Robot Localization Using a Learned Keypoint Detector and Descriptor with a Floor Camera and a Feature Rich Industrial Floor
Piet Brömmel, Dominik Brämer, Oliver Urbann, Diana Kleingarn
TL;DR
KOALA introduces a ground-floor localization approach that uses a custom Segmentation Detector (SEG) and Similarity Descriptor (SIM) to localize a robot from floor images without markers. The framework includes a map creation and position estimation pipeline and is evaluated on a large, motion-capture-ground-truth dataset, achieving up to 75.7% true success with mean position error near 2 cm and rotation error around 2.4°. Ablation studies reveal a trade-off between rotation invariance and true success rate, while the compact 30-dimensional descriptor enables faster querying and smaller maps.
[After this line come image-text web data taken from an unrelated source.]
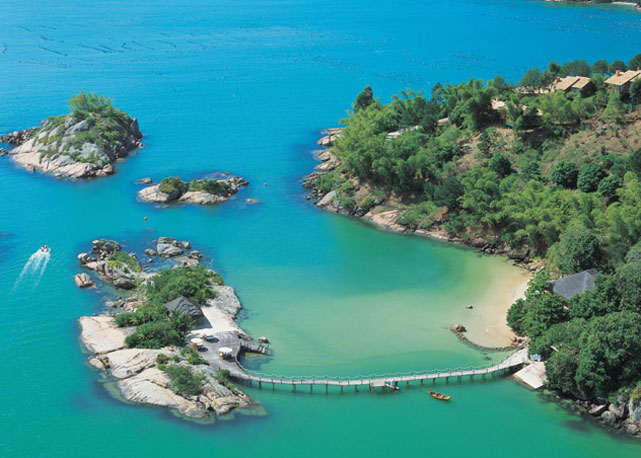 Vista aérea do resort Ponta dos Ganchos, em Santa Catarina - Foto: Divulgação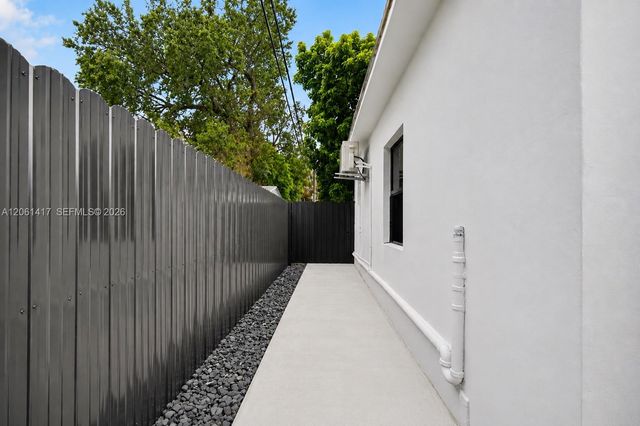 1011 NW 30th Ct 2, Miami, FL 33125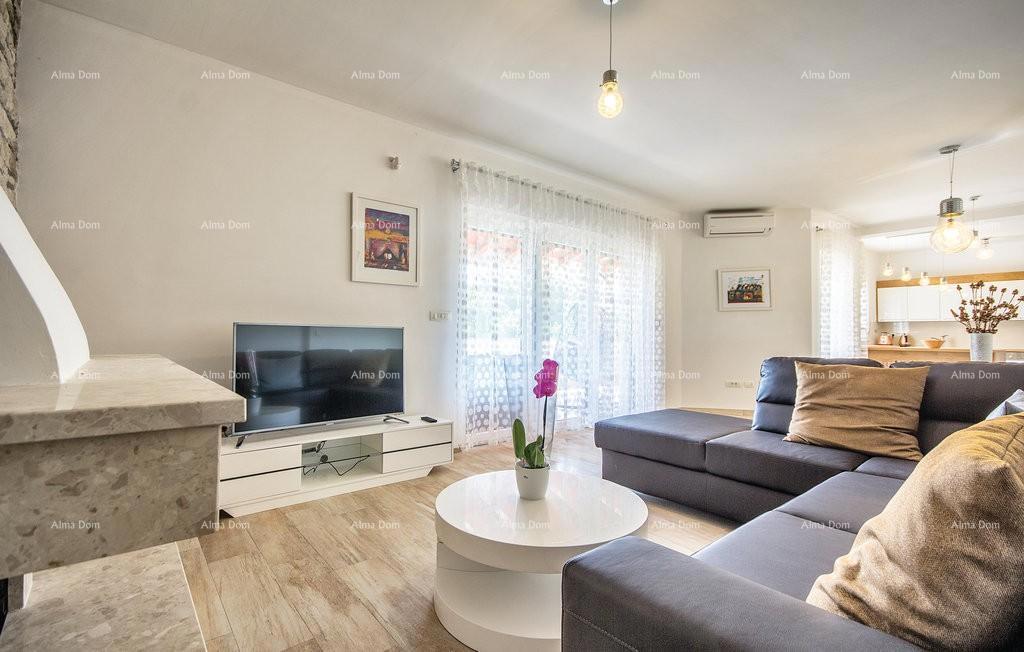 Premantura, villa indipendente con 5 camere da letto. Vicinanza al mare.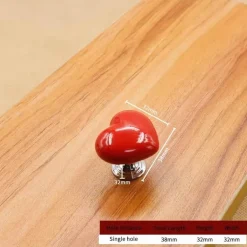 Keramik-Schrankgriff in Herzform – dekorativer Türknauf-Akzent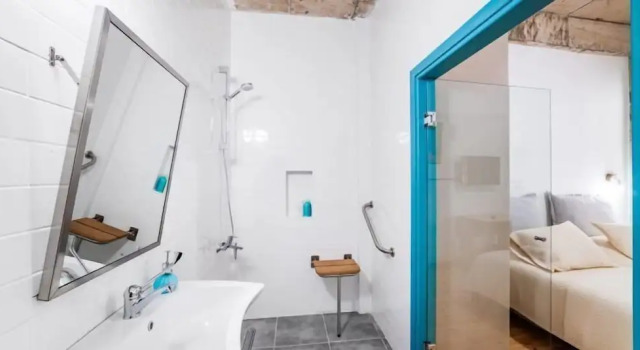 Капсула Nicosia Eagle Eye Boutique Hotel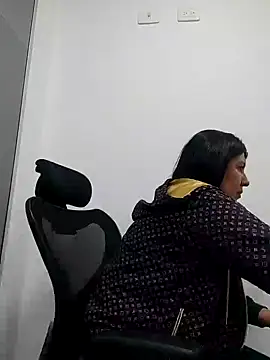 aisha latina online show from February 12, 2025, 9:01 pm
The work demonstrates practical, marker-less localization on industrial floors and suggests SLAM extensions, real-time optimization, and cross-floor generalization as promising directions.
Abstract
The localization of moving robots depends on the availability of good features from the environment. Sensor systems like Lidar are popular, but unique features can also be extracted from images of the ground. This work presents the Keypoint Localization Framework (KOALA), which utilizes deep neural networks that extract sufficient features from an industrial floor for accurate localization without having readable markers. For this purpose, we use a floor covering that can be produced as cheaply as common industrial floors. Although we do not use any filtering, prior, or temporal information, we can estimate our position in 75.7 % of all images with a mean position error of 2 cm and a rotation error of 2.4 %. Thus, the robot kidnapping problem can be solved with high precision in every frame, even while the robot is moving. Furthermore, we show that our framework with our detector and descriptor combination is able to outperform comparable approaches.